В наши дни, в эти позорные дни, когда не умеют ни чувствовать, ни действовать, в дни, когда юноши похожи на стариков, а мудрые старики на младенцев, люди той эпохи, знавшие низкое и высокое, кажутся мне отмеченными печатью чего-то нечеловеческого. Живя они жили, умирая не дрожали. Они знали, что такое ласки и что такое вражеский призыв. Они не стали бы терпеть то, что терпим мы. Они знали, что, когда хочешь чего-нибудь достигнуть, нужно хотеть – хотеть и не уступать.
Дух мой – точка в Бесконечном.
Но от точки мы идем.
Бальмонт
Один юный римский герой потребовал за свои победы у старшего героя триумфа. Тот отказал ему. Тогда юный герой велел передать старому, что у восходящего солнца более почитателей, чем у заходящего. И старый воскликнул: «Да будет ему триумф». И повторил с изумлением: «Да будет ему триумф».
Как от нас далек этот детский рассказ. Мы более не видим восходящего солнца, мы более не любим ярких красок пробужденного утра, мы любим пожар заката, но яркие краски умирающего дня нам нравятся вдвойне потому, что живая гамма этих рубиновых тонов окружена надвигающейся мглой – потому, что небесные розы, вырастающие из дымных и холодных облаков, горят нам на фоне траурных покровов отжитого, оконченного, умершего. Мы соединяем наш восторг не с жизнью, а со смертью, и более всего любим те зрелища, в которых герои умирают.
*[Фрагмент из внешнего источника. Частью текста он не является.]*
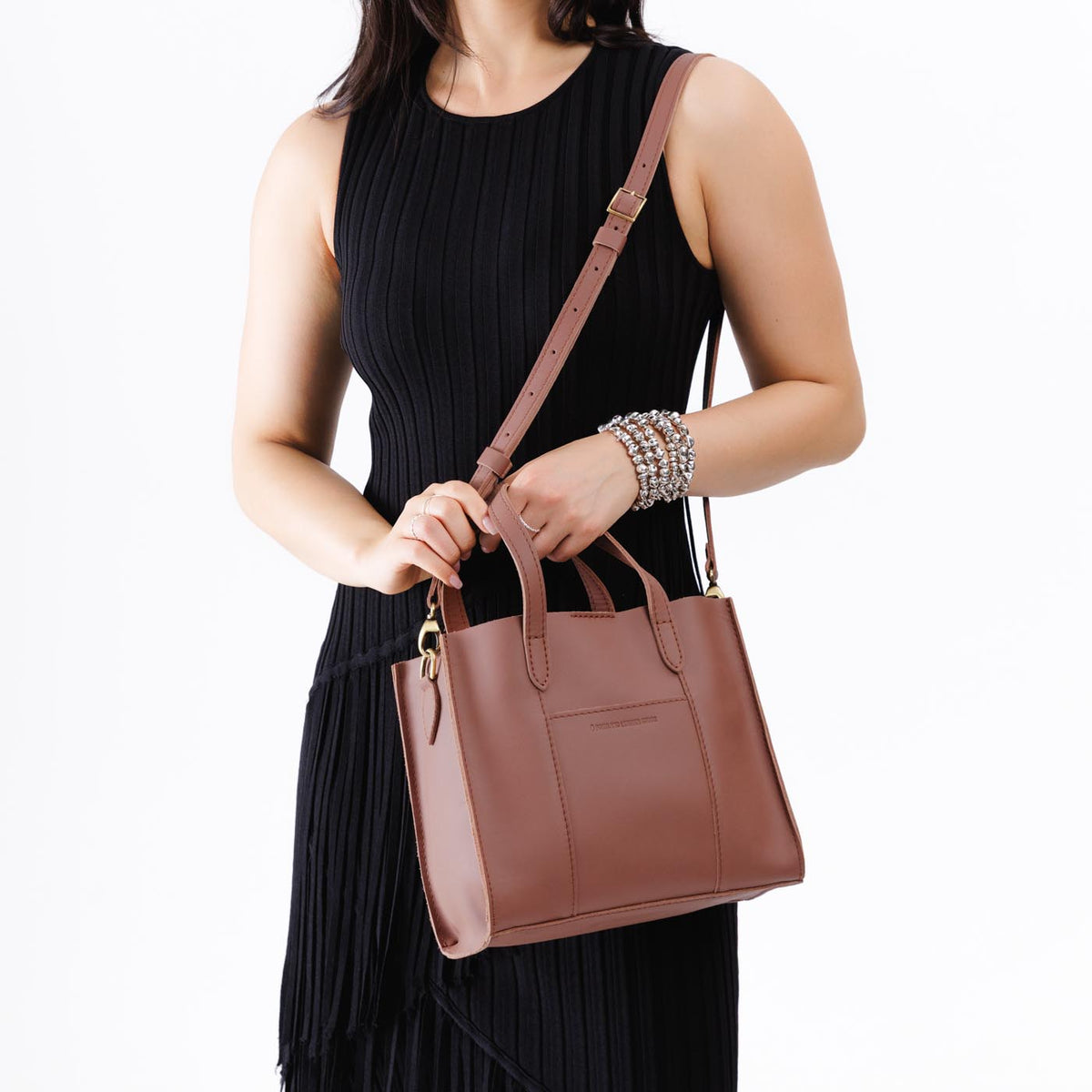 Sunkissed | Model wearing structured mid-size tote bag with overlapping panels and crossbody strap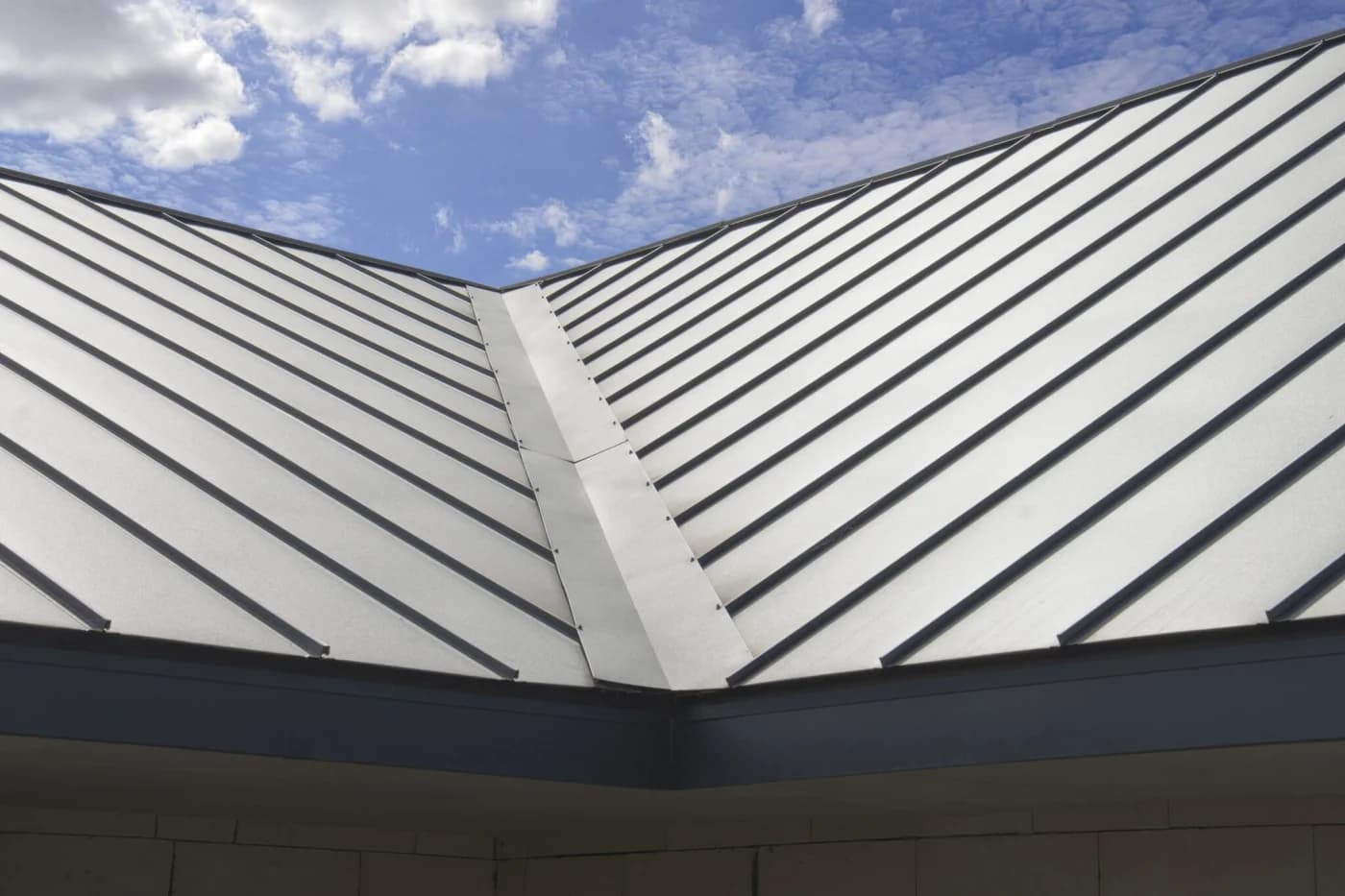 Silver standing-seam metal roof panels meeting at a valley, seen from below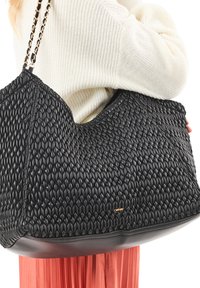 Personne portant un pull blanc et une jupe corail, portant un grand sac à bandoulière en cuir tressé noir avec une chaîne.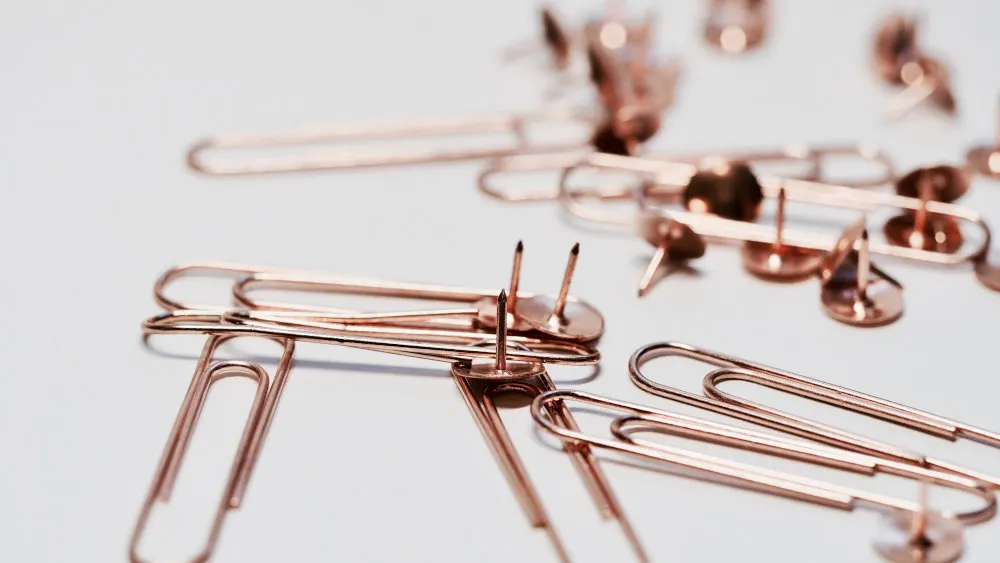 Auf weißem Grund liegen Büroklammern und Reißzwecken aus Metall. Die Objekte sind unsortiert und teilweise überlappend.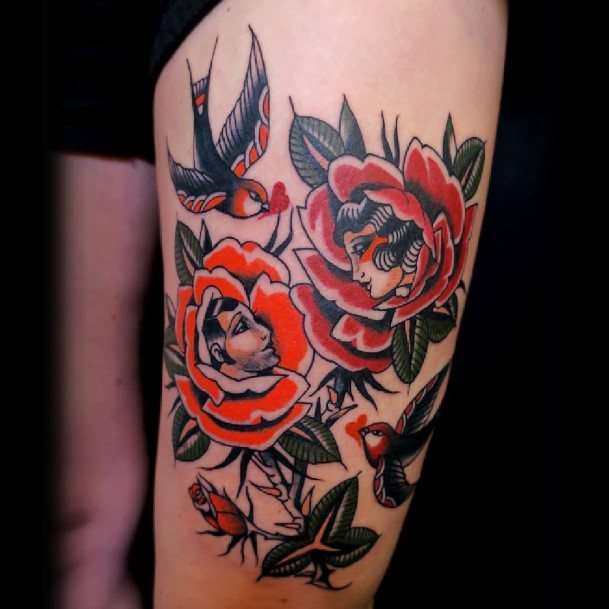 Decorative Rose Thigh Tattoo On Female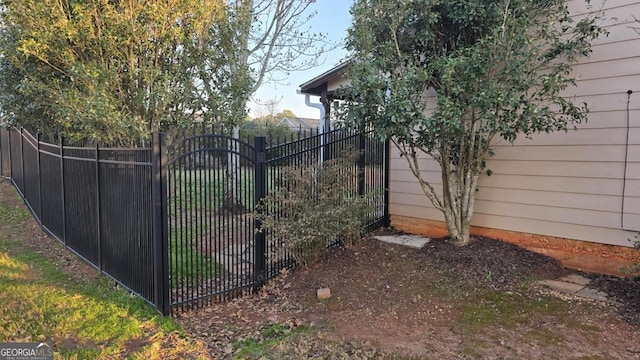 view of gate with fence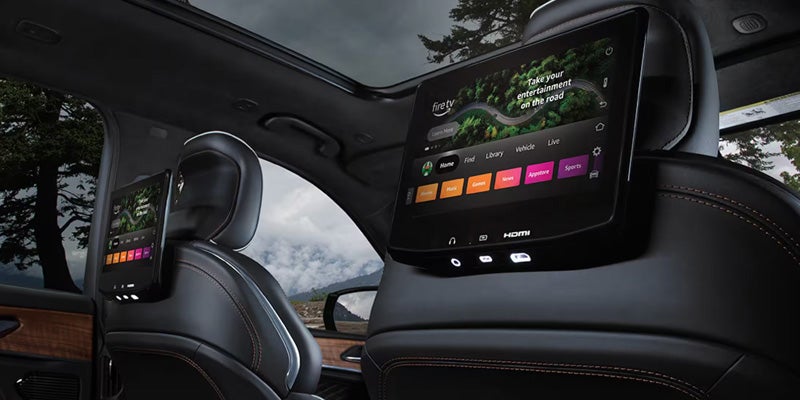 Jeep Grand Cherokee interior with rear passenger touchscreen display and panoramic roof.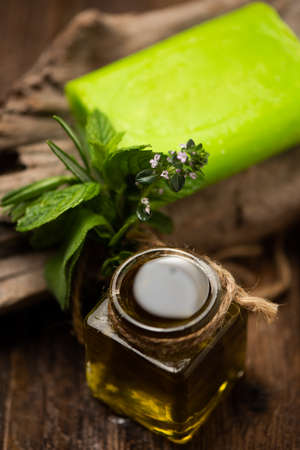 Organic oil with soap and rosemary and herbs close upの写真素材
Есть однако оправданье такой нашей склонности. В закатных красках есть все, почти все тона, какие есть в восходе, и есть кроме того вечерняя нежность, светлая грусть, предчувствие, пленительное разнообразие усталых оттенков, красочная гармония мирового символизма, связывающего в своих зрелищах конец с началом. Солнце, уходя за край горизонта, в последний раз являет свою красоту, сгущает то, что есть в свете могучего, утончает в нем то, что есть тонкого, и предстает во всей роскоши своих многообразных чар.